A traditional English favorite, it is believed that Cornish Pasties were made for Cornish tin miners. Unable to return to the surface they had a ready meal all in one. The thick crust enabled them to hold it with dirty hands and not contaminate their lunch. They were often made with meat at one end and fruit or jam at the other! This version makes them into a healthy vegetarian dish.
Pasties are hardy enough to be a meal in an of themselves.
- 5 oz unsalted butter or vegetarian butter/magarine
- 8oz plain flour
- 1 tsp salt
- 5 fl oz of very cold water
- unsweetened milk, or soya milk to glaze
- 7 potatoes, peeled and chopped into chunks
- ½ onion, peeled and cut into chunks
- 4 oz swede or carrots, peeled and cut into chunks
- 2 - 3 tsp light vegetable stock powder
- 2 oz kidney beans, rinsed and drained
- Sea salt and pepper to season
- Preheat the oven to 370F/190C/Gas 5.
- Grease a baking sheet, or line with baking paper (not greaseproof).

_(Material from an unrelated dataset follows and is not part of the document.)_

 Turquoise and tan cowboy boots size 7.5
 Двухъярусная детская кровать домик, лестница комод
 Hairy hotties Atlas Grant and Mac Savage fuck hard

- To make the filling, put the ingredients except the kidney beans into a food processor and process until finely chopped.
- Add to a bowl and mix in the kidney beans.
- Season to taste.
- Grate 4 oz of the butter or margarine into 7 oz of the flour and salt.
- Stir and cut through well with a blunt knife to break up the butter a little.
- Using the knife, slowly stir in the water until you have a soft dough. Do not make it too sticky.
- Using the remaining flour, gently roll out the pastry until about 1cm thick.
- Fold the pastry into thirds by bringing the bottom edge up two thirds and the top edge down. Fold the sides in the same way.
- If not using straight away, wrap in foil and place in fridge to chill.
- Roll out the pastry to about 1cm thick and cut into 4 circles the size of a large tea plate.
- Pile the filling into the middle of each circle and top with a piece of the remaining butter.
- Dampen the edge of the pasty with some water and fold the pastry over the filling to form a half circle.
- Try to stuff as much filling in as you possibly can.
- To make the traditional edging, beginning at the right side and use the forefinger and thumb of your right hand. Pinch the pastry together and then fold it over on itself by about 5cms. Continue along until you have finished, making a rope-like join.
- Place the pasties on the prepared baking sheet. Brush each one with the milk and bake in the oven for 45 mins.
- Should they burst then do not worry. They are simply known as 'laughing pasties' when this happens.